### ABOUT THIS TASK
Using the material that follows, output exactly the lines from the one containing "Christmas Tree Brooch" through the one containing "3 件男士夏季休闲运动短裤，", with both ends kept.

-*-

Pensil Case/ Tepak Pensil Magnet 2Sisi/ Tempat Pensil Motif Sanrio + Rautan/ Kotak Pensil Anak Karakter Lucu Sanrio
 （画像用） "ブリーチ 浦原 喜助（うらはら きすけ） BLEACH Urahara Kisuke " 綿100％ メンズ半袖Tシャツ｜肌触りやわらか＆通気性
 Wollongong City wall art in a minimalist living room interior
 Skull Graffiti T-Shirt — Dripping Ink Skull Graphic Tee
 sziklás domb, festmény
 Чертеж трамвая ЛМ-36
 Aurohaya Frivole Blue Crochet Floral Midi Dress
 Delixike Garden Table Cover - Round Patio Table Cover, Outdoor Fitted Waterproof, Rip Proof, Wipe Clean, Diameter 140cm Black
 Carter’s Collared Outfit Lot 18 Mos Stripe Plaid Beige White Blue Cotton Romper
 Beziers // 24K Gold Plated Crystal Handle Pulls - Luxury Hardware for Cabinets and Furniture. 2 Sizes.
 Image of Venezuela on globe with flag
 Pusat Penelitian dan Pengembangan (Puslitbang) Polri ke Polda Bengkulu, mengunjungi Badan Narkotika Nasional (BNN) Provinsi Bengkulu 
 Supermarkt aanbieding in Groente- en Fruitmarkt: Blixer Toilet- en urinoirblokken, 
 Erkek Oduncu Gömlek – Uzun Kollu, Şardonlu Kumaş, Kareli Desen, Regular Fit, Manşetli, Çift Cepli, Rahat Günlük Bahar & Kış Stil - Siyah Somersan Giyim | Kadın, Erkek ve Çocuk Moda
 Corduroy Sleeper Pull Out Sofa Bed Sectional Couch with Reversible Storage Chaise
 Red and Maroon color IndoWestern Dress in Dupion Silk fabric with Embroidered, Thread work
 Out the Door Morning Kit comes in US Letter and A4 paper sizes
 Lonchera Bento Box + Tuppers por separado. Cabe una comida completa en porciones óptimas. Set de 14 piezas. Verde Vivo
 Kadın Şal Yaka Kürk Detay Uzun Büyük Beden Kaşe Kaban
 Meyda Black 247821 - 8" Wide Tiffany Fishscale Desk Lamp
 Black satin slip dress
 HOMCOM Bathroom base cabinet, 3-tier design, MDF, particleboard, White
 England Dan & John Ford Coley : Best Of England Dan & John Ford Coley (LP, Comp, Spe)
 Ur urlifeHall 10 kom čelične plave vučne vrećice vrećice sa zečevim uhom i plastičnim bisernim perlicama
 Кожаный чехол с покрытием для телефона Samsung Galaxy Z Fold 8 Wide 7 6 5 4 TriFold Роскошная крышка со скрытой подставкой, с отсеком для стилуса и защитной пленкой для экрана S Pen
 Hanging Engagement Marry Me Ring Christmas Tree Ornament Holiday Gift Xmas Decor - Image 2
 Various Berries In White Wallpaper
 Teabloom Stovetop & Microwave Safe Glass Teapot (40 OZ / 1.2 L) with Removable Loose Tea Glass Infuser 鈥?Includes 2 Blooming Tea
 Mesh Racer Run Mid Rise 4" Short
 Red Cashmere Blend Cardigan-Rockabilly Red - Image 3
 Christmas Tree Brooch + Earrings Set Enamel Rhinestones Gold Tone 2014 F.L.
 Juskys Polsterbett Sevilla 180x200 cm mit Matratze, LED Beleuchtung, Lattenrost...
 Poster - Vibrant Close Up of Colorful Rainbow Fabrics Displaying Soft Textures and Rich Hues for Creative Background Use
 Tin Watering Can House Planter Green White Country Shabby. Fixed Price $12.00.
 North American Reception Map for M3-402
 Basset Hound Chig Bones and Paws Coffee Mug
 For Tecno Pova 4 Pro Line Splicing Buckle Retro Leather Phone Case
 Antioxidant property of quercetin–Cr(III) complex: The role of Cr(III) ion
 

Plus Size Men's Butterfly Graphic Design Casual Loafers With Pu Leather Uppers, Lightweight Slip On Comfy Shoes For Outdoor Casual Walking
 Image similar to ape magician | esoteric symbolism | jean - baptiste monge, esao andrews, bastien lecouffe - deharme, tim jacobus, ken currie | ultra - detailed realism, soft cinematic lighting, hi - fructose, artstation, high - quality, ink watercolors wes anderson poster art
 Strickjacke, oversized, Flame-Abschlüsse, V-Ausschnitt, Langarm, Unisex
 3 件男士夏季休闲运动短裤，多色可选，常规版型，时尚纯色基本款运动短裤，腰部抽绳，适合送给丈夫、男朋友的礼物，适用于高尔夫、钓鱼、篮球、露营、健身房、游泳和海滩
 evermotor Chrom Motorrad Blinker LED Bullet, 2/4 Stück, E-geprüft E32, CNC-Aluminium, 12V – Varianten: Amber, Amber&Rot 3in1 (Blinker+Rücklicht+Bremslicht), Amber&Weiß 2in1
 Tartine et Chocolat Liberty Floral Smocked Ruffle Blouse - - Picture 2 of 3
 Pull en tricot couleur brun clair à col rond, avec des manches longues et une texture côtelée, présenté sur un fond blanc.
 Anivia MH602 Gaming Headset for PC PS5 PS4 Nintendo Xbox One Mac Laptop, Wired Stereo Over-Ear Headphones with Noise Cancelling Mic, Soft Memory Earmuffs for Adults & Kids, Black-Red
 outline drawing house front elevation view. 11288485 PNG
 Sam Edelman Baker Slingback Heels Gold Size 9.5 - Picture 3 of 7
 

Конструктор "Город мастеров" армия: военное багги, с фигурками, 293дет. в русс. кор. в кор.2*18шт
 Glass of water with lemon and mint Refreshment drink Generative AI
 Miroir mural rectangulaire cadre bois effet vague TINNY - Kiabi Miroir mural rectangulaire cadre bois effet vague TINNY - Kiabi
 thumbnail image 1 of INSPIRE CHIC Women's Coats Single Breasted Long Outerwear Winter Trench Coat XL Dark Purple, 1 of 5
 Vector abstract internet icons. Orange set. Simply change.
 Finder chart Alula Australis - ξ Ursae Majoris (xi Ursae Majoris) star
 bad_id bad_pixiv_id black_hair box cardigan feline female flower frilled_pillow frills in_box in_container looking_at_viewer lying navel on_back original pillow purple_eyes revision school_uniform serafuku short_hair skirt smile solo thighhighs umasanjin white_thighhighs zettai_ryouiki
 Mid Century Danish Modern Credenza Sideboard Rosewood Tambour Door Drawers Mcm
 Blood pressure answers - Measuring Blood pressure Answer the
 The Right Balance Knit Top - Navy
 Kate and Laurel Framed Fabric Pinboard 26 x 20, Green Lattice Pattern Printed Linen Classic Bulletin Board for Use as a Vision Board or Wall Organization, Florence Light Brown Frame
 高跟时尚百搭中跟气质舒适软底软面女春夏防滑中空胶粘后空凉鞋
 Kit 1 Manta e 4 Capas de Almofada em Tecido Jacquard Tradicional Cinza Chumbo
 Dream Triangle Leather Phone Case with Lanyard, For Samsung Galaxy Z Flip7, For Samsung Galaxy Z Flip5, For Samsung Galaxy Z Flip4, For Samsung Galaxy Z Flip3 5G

-*-

### EXERCISE ANSWER
 Christmas Tree Brooch + Earrings Set Enamel Rhinestones Gold Tone 2014 F.L.
 Juskys Polsterbett Sevilla 180x200 cm mit Matratze, LED Beleuchtung, Lattenrost...
 Poster - Vibrant Close Up of Colorful Rainbow Fabrics Displaying Soft Textures and Rich Hues for Creative Background Use
 Tin Watering Can House Planter Green White Country Shabby. Fixed Price $12.00.
 North American Reception Map for M3-402
 Basset Hound Chig Bones and Paws Coffee Mug
 For Tecno Pova 4 Pro Line Splicing Buckle Retro Leather Phone Case
 Antioxidant property of quercetin–Cr(III) complex: The role of Cr(III) ion
 

Plus Size Men's Butterfly Graphic Design Casual Loafers With Pu Leather Uppers, Lightweight Slip On Comfy Shoes For Outdoor Casual Walking
 Image similar to ape magician | esoteric symbolism | jean - baptiste monge, esao andrews, bastien lecouffe - deharme, tim jacobus, ken currie | ultra - detailed realism, soft cinematic lighting, hi - fructose, artstation, high - quality, ink watercolors wes anderson poster art
 Strickjacke, oversized, Flame-Abschlüsse, V-Ausschnitt, Langarm, Unisex
 3 件男士夏季休闲运动短裤，多色可选，常规版型，时尚纯色基本款运动短裤，腰部抽绳，适合送给丈夫、男朋友的礼物，适用于高尔夫、钓鱼、篮球、露营、健身房、游泳和海滩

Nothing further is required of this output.